Extreme Efficiency: 300\(\times\) memory compression + 20\(\times\) speedup, enabling dataset distillation to practically run on consumer-grade GPUs and lowering the computational barrier of this research field.

Limitations & Future Work¶

Employs ConvNet with InstanceNorm as the feature extractor, which presents a discrepancy compared to BatchNorm networks commonly used in practical applications.
The performance improvement of the proposed method on Tiny-ImageNet (64\(\times\)64) is less pronounced compared to CIFAR and ImageNet subsets.
The stability of adversarial training requires meticulous tuning; the exact ratio of max steps to min steps may affect convergence.
Lacks evaluation on the large-scale ImageNet-1K dataset.
Whether the scale mixture of normals assumption is the optimal choice for the sampling distribution family remains to be explored.
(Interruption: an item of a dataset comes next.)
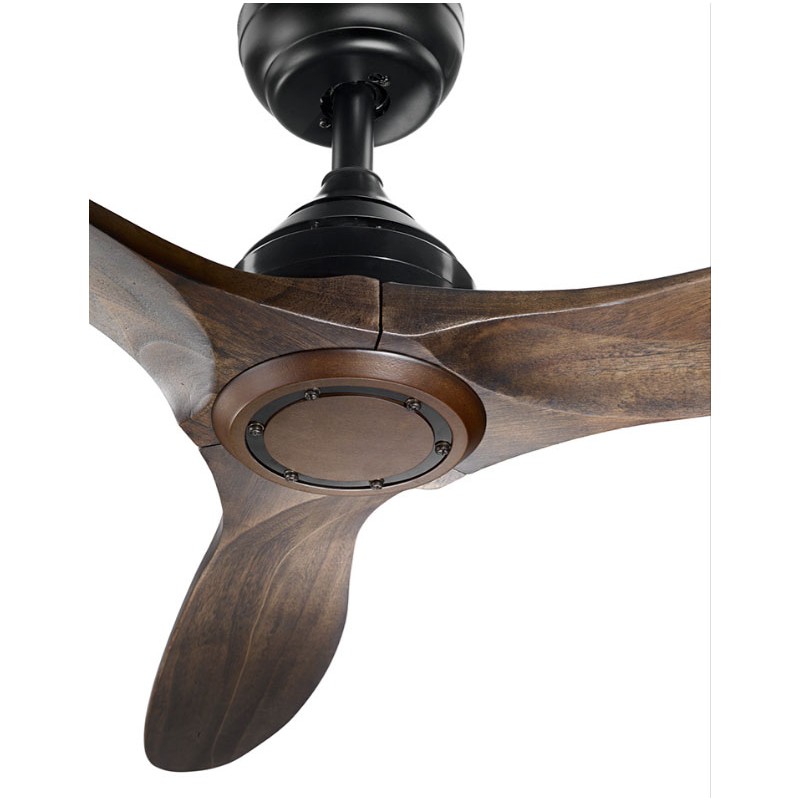 Black metal ceiling fan and wooden blades D130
vs. DM/MMD methods: DM only aligns first-order moments, whereas NCFM aligns entire distributions through CF, offering stronger theoretical guarantees and performance improvements of 5-20%.
vs. DATM (Trajectory Matching): DATM requires storing expert trajectories, resulting in massive memory overhead; NCFM bypasses trajectories, yielding over 300\(\times\) higher efficiency along with superior performance.
vs. GAN: Borrows adversarial training concepts from GANs, but simplifies the discriminator into a lightweight sampling network, ensuring better stability.

Rating¶

Novelty: ⭐⭐⭐⭐⭐ Introduces the characteristic function into dataset distillation for the first time, exhibiting theoretical elegance and practicality.
Experimental Thoroughness: ⭐⭐⭐⭐ Comprehensive comparisons across multiple datasets with thorough ablation studies, though lacking ImageNet-1K.
Writing Quality: ⭐⭐⭐⭐⭐ Rigorous theoretical derivations, transitioning naturally from the limitations of MMD to CF, with excellent readability.
Value: ⭐⭐⭐⭐⭐ Implements mutual gains in both performance and efficiency, runnable on consumer-grade GPUs, yielding high practical translation value.